Confessarsi almeno una volta all’anno e comunicarsi almeno a Pasqua
Così recitava uno dei 5 precetti generali della Chiesa, ma ci chiediamo: come attuarlo con questa pandemia e in zona rossa, data l’aggravata pericolosità del contagio? I nostri Vescovi – che sono oltre che maestri anche pastori – hanno dato la facoltà della celebrazione della Penitenza o Confessione in forma comunitaria con l’Assoluzione generale come abbiamo già sperimentato a Natale. Ad essa vanno aggiunte tre importanti premesse:
- questo rito della celebrazione della confessione, poiché ha vero e proprio valore di Sacramento, necessita di essere ben compreso e quindi ha bisogno di una catechesi che ne spieghi il valore, specificandone la straordinarietà della concessione, che è data per evitare il più possibile il rischio del contagio. Non è dunque una scappatoia per non andare a confessarsi in forma individuale.
- nel rispetto di tutte le precauzioni ci sia la possibilità, per chi lo desidera, della confessione individuale e personale. Perciò noi sacerdoti saremo a disposizione secondo gli orari che vi saranno comunicati per la confessione individuale.

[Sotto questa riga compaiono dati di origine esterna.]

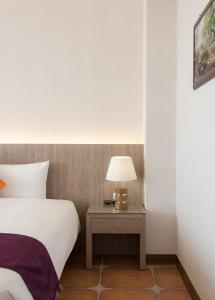 a bedroom with a bed and a table with a lamp at Kending Kaying Hotel in Hengchun South Gate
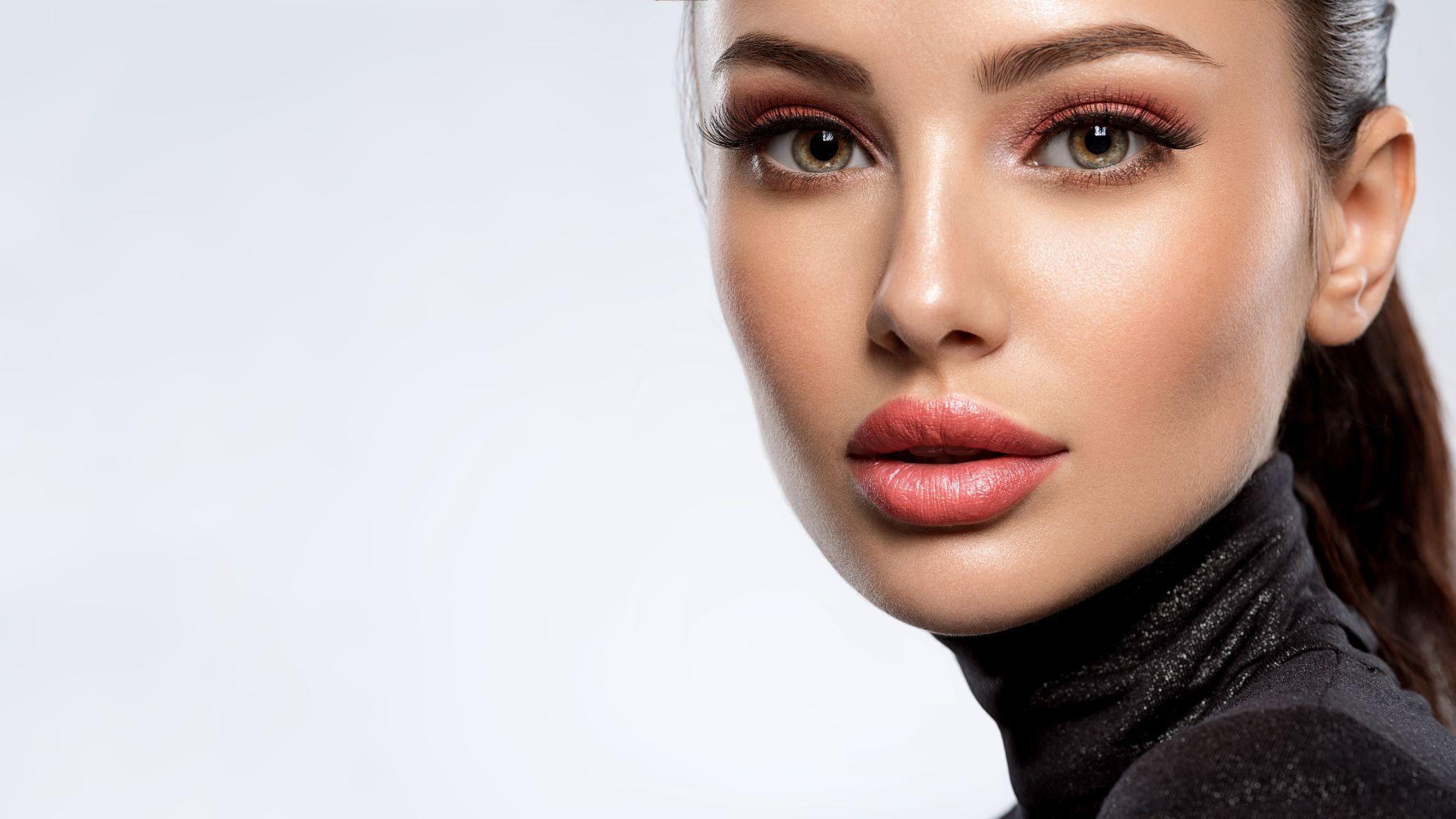 Portrait of beautiful young woman with bright pink makeup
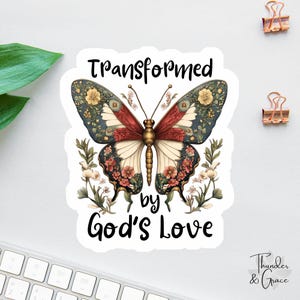 May include: A white sticker with a colorful butterfly and the text "Transformed by God's Love".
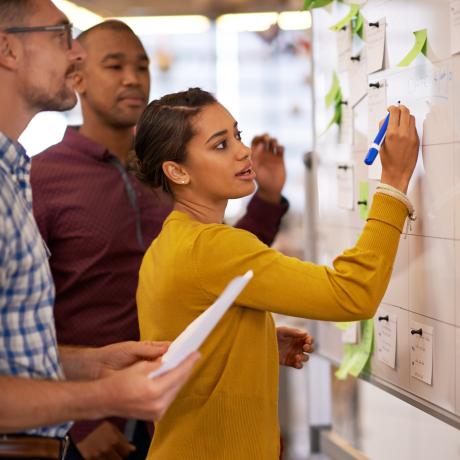 woman in a mustard yellow cardigan writing on a white board with people standing next to her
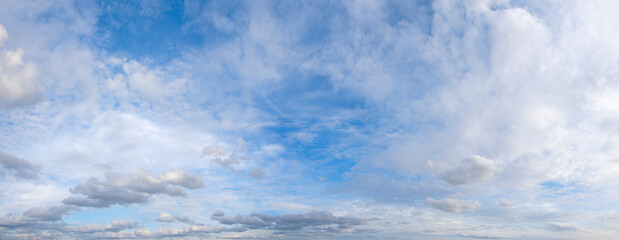 The sky is blue with a few clouds scattered throughout. The clouds are white and fluffy, giving the...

- rimane l’impegno nella confessione successiva di chiarire con il confessore, là dove ci fosse bisogno di un approfondimento, per quanto riguarda la gravità di alcuni peccati. Il confessore, infatti, a nome della Chiesa, ha anche il compito di educare e di istruire la coscienza delle persone, accompagnandole nel loro percorso di crescita nella vita cristiana. Egli è chiamato ad aiutare i fedeli a formulare un giusto giudizio morale sulle proprie azioni a confronto con il Vangelo e il Magistero della Chiesa.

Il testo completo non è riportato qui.